Waar breng je me naartoe???

Lieve baasjes,
Toen ik nog heel klein was nam je me mee. In een iets te warm mandje werd ik liefdevol de auto in gedragen en thuis in een te grote mand neergelegd.
Het rook er vreemd, niet naar mama. Er lagen rare speeltjes en schijnbaar werd ik geacht om ermee te spelen. Ze roken muf en te nieuw.
Dagen heb ik onder de bank gezeten en alleen maar benen en voeten gezien. Totdat ik eindelijk heel voorzichtig mijn eerste stapjes zette in mijn nieuwe thuis. Want daar was ik ondertussen wel achter, dat dit mijn thuis zou worden.
De warme melk van mama miste ik zeg. Een koude plens water lag in een soort fel gekleurd bakje en daarnaast lagen brokken. Ze stonken.
Maar goed, aangezien ik niet op de tafel mocht klimmen om mee te eten met het heerlijke eten dat jullie aten wist ik bijna zeker dat verwacht werd dat ik de brokken zou eten en dat gekke doorzichtige vocht zou drinken.
We werden vrienden. Ik voelde me thuis en jullie waren altijd lief voor me. ALTIJD! Als ik kopjes gaf werd ik geaaid en als ik mauwde mocht ik naar buiten, toen ik al wat groter was.
Mijn huis, ons huis.
Maar ineens kwamen er van die grote bakken op de overloop te staan en stopten jullie daar kleding in. Eerst dacht ik dat het vast een nieuwe slaapplek was maar na een paar keer weggestuurd te worden begon ik daar mijn twijfels over te krijgen.
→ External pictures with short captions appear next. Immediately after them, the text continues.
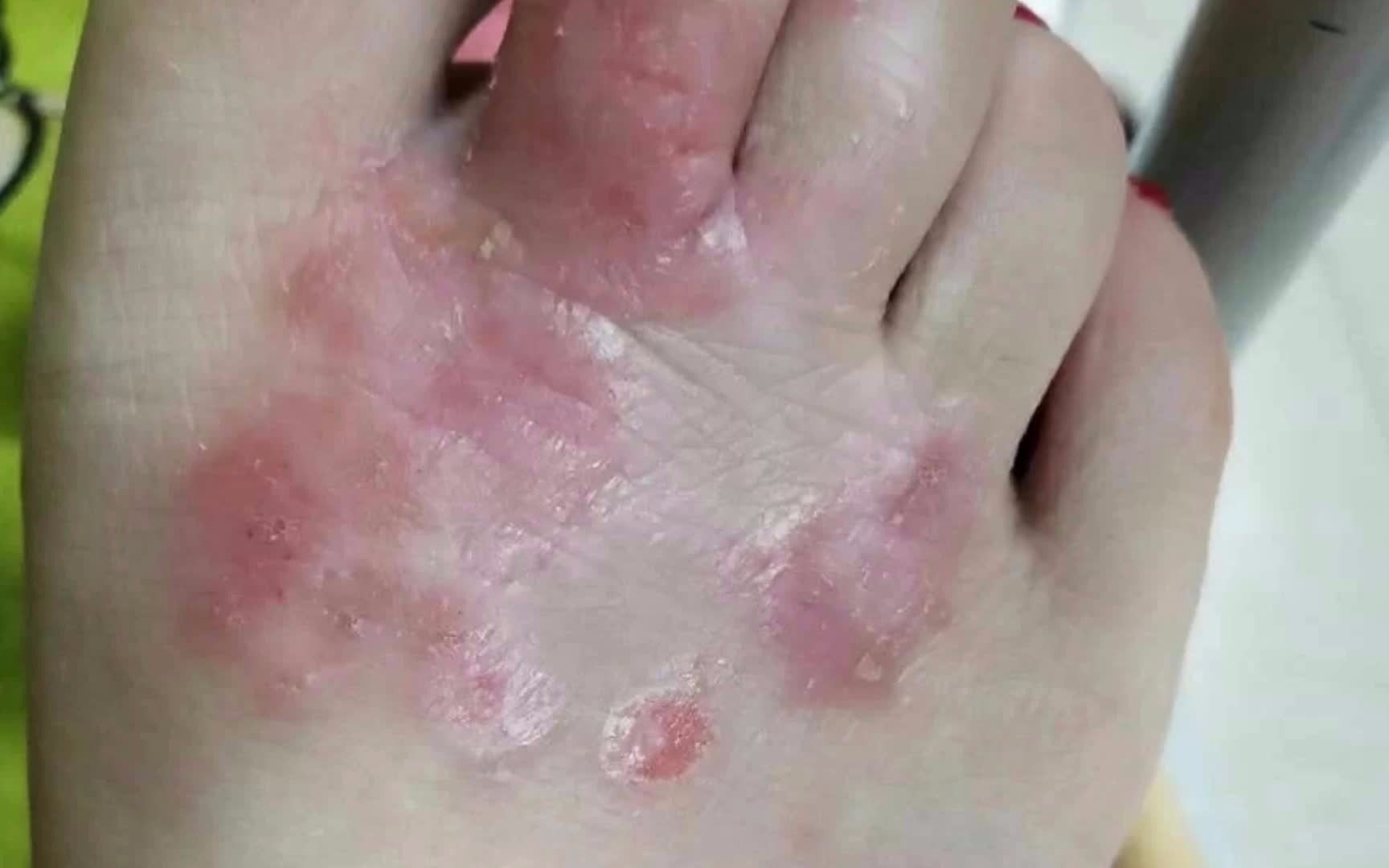 脚上脱皮糜烂不用怕!还好我有这个小绝招!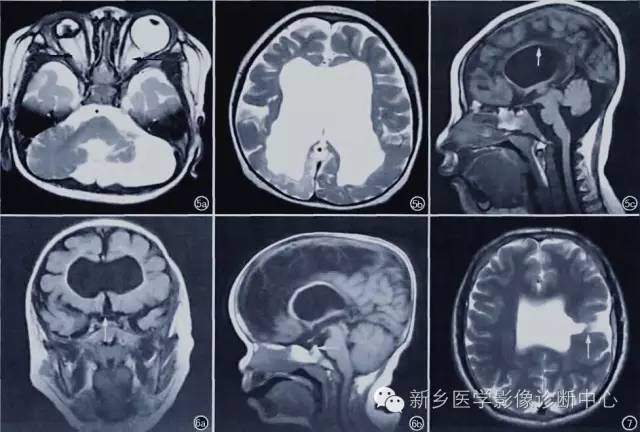 看到垂体柄异常，要想到的18种疾病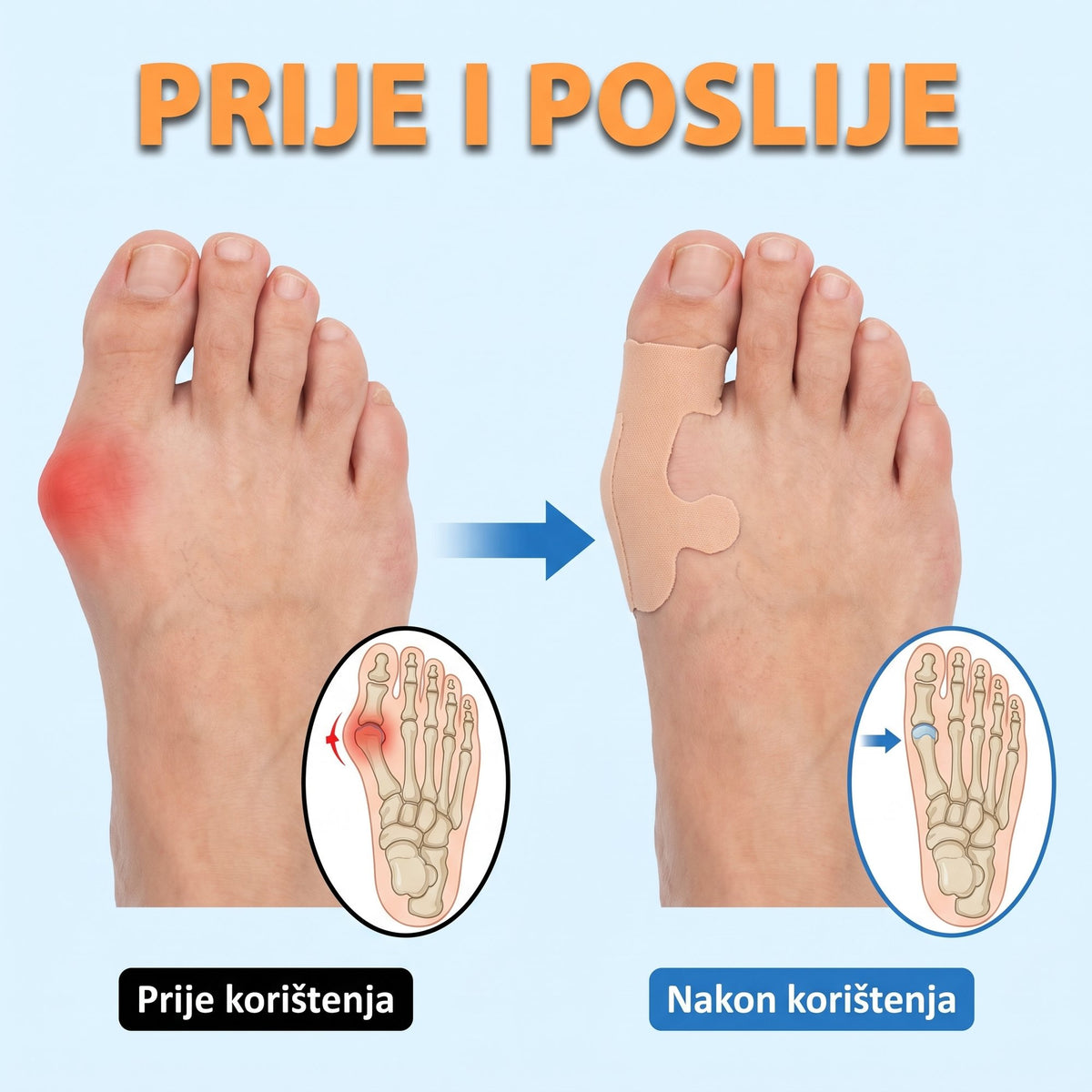 Traka za čukljeve — udobna kineziološka traka, elastična, hipoalergena - SET OD 20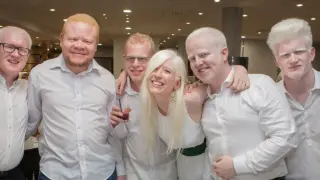 Imagen del primer encuentro nacional de jóvenes albinos, en 2016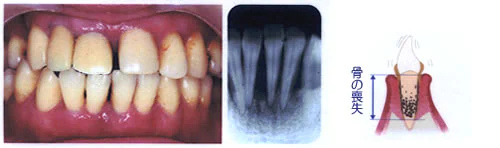 重度歯周炎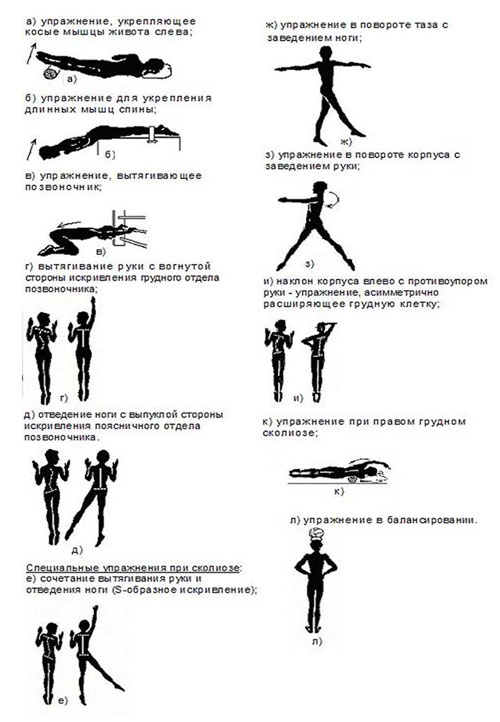 ЛФК при сколиозе: комплекс упражнений для исправления осанки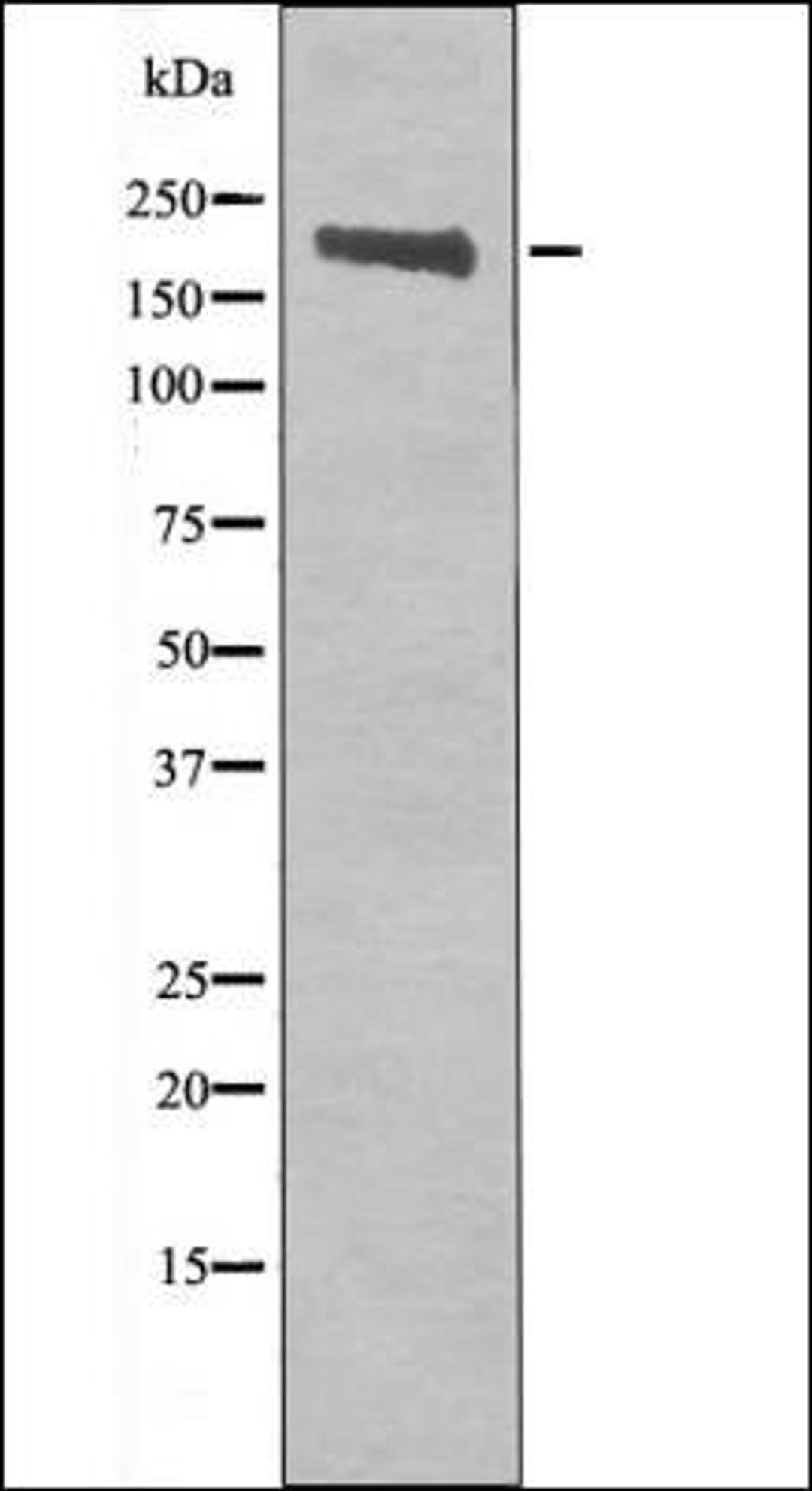 Western blot analysis of COS7 whole cell lysates using Ret -Phospho-Tyr905- antibody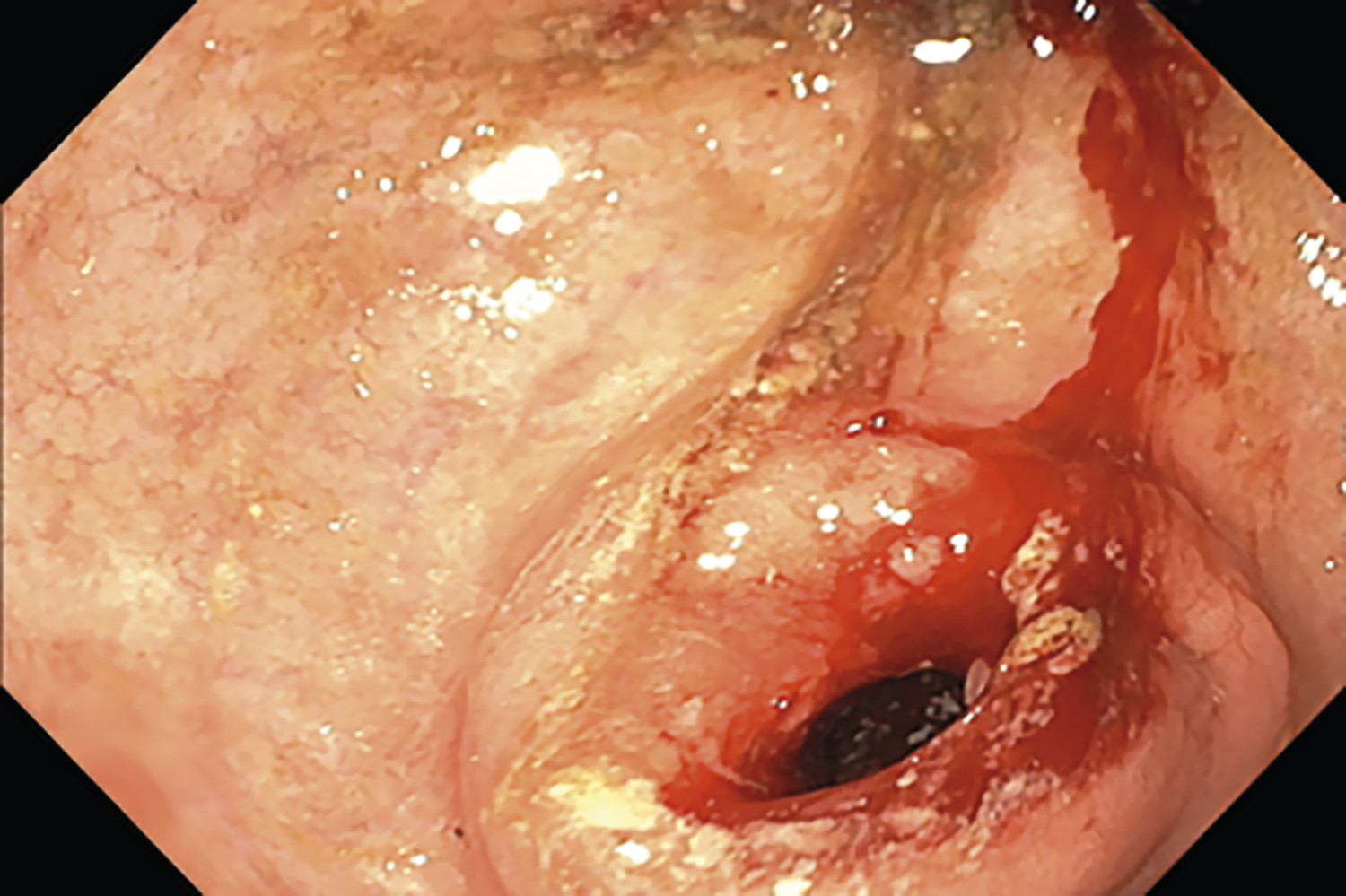 Sténose bulbaire chez une patiente atteinte de maladie de Crohn pédiatrique - Figure 1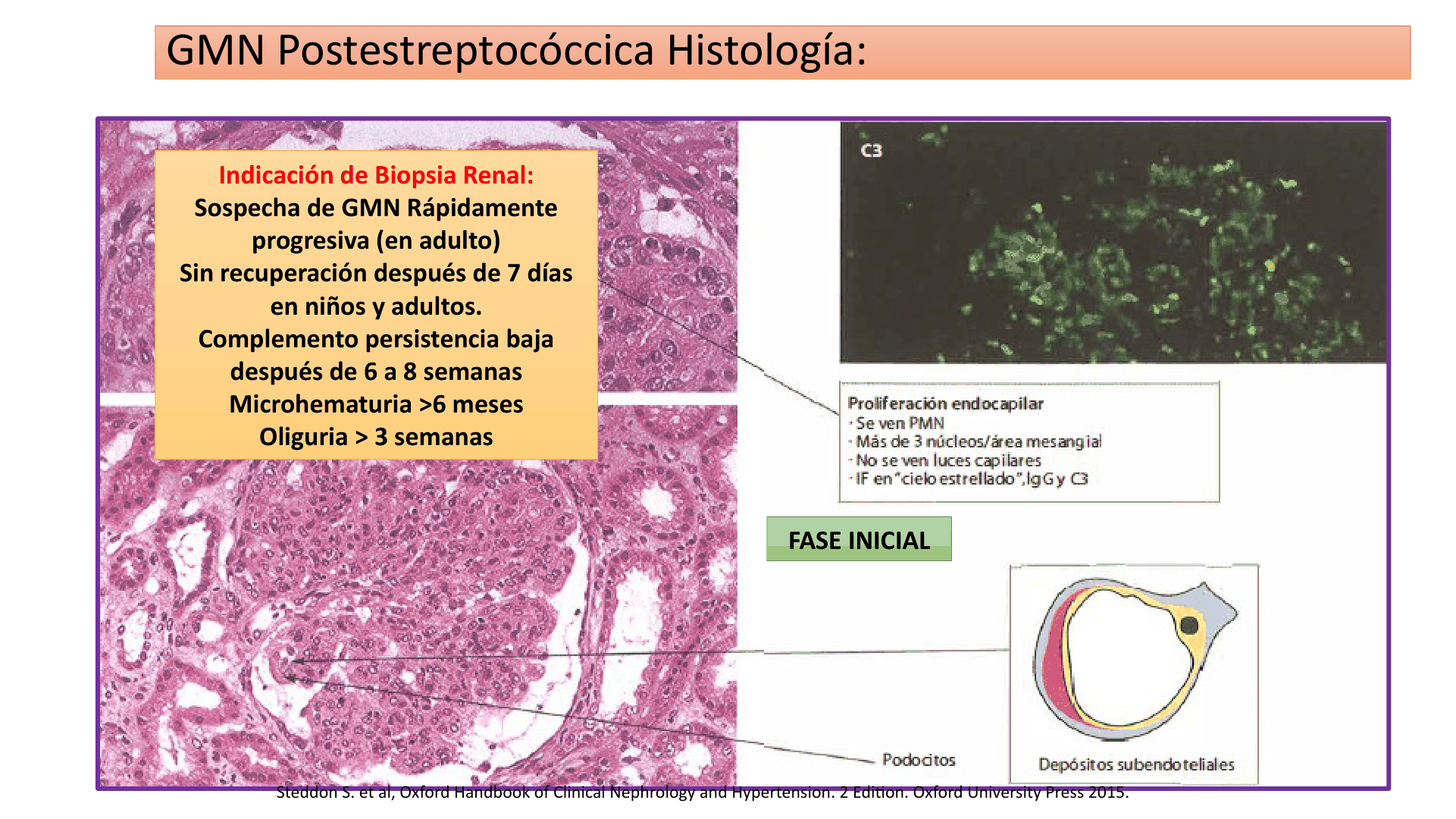 SINDROME_NEFRITICO_D15.png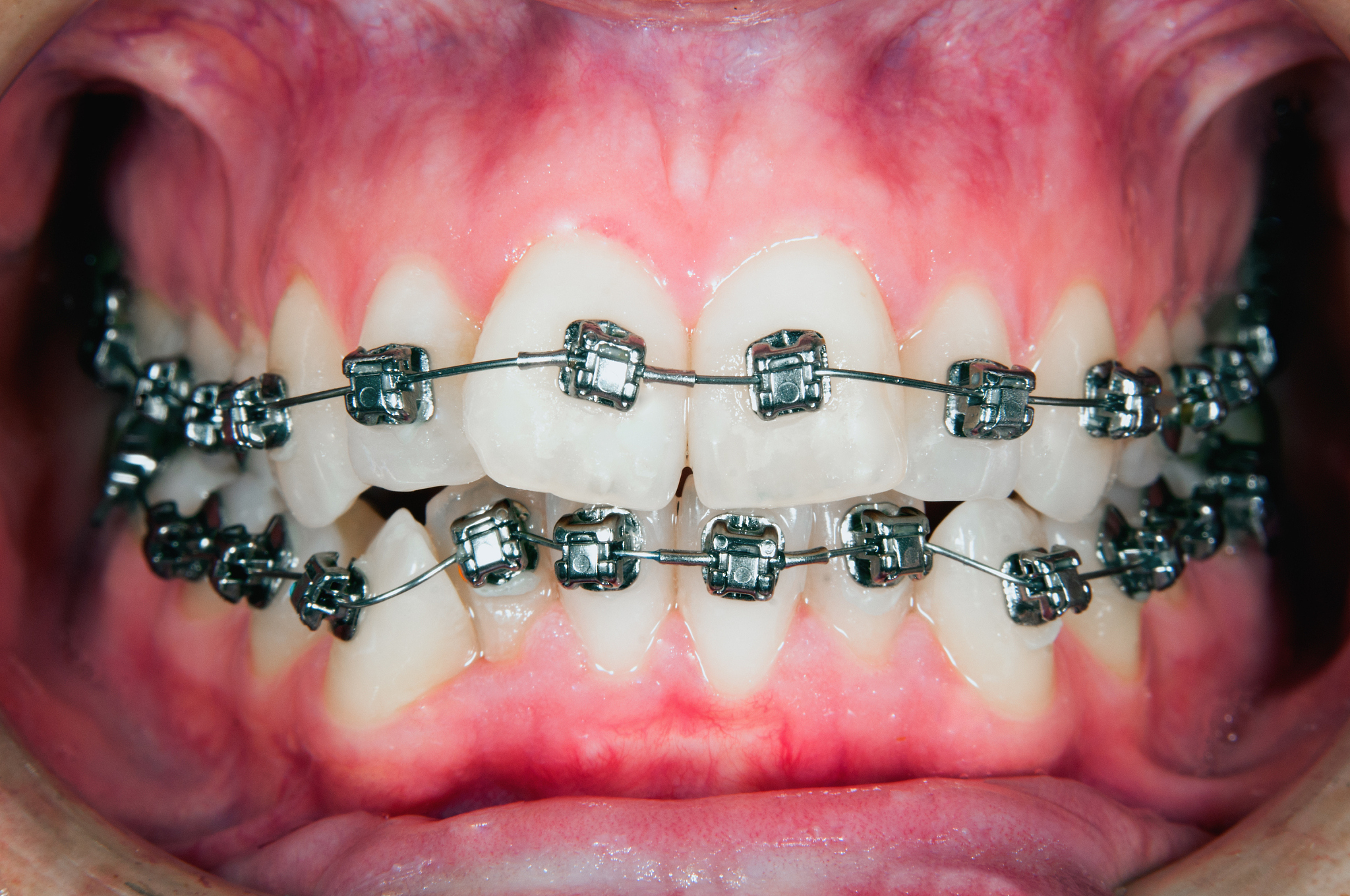 重庆卫生学校口腔修复专业：学什么？怎么样？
De bakken gingen dicht en toen kwam hetzelfde mandje op de tafel te staan als waarmee ik binnen kwam, EN OOK HETZELFDE MANDJE ALS WE NAAR DIE NARE MAN GAAN DIE ALTIJD IN MIJN BEK WIL KIJKEN.
Goed, ik kreeg al wat kriebels hier en daar. Vermoedens. Vermengd met nieuwsgierigheid, want dat ben ik vanuit mijn aard.
Die avond wilde ik naar buiten, mijn vrienden opzoeken, maar de deur bleef dicht. Hard miaaaaauwen hielp niet, en kopjes geven al helemaal niet. Wat is er aan de hand?
De volgende ochtend werd ik in de mand getild, ondanks dat ik tegen stribbelde. BLIJF VAN ME AF, IK WIL SLAPEN!
De mand ging in de auto en de auto reed een minuut of 20. Waar waren we?
Toen ik uit de auto werd gedragen zag ik een vrolijke boel. Overal bomen, het rook er lekker en er stond een lieve mevrouw op ons te wachten.
Na een paar woorden gewisseld te hebben gaf je mij aan deze lieve mevrouw. WAT?? HALLOO, WAT DOE JE??
Waar ga je heen?? Laat me hier niet achter!! De mevrouw liep met mij naar een grote woonkamer toe en zette me tussen 20 andere lotgenoten. WAAAAAAT?? Ik wil geen nieuwe vrienden, heb ze niet nodig. Heb al vrienden.
‘Tot over drie weken,’ riep baasje nog. Fijn. Lekker dan. Zit ik hier drie weken lang tussen de andere katten.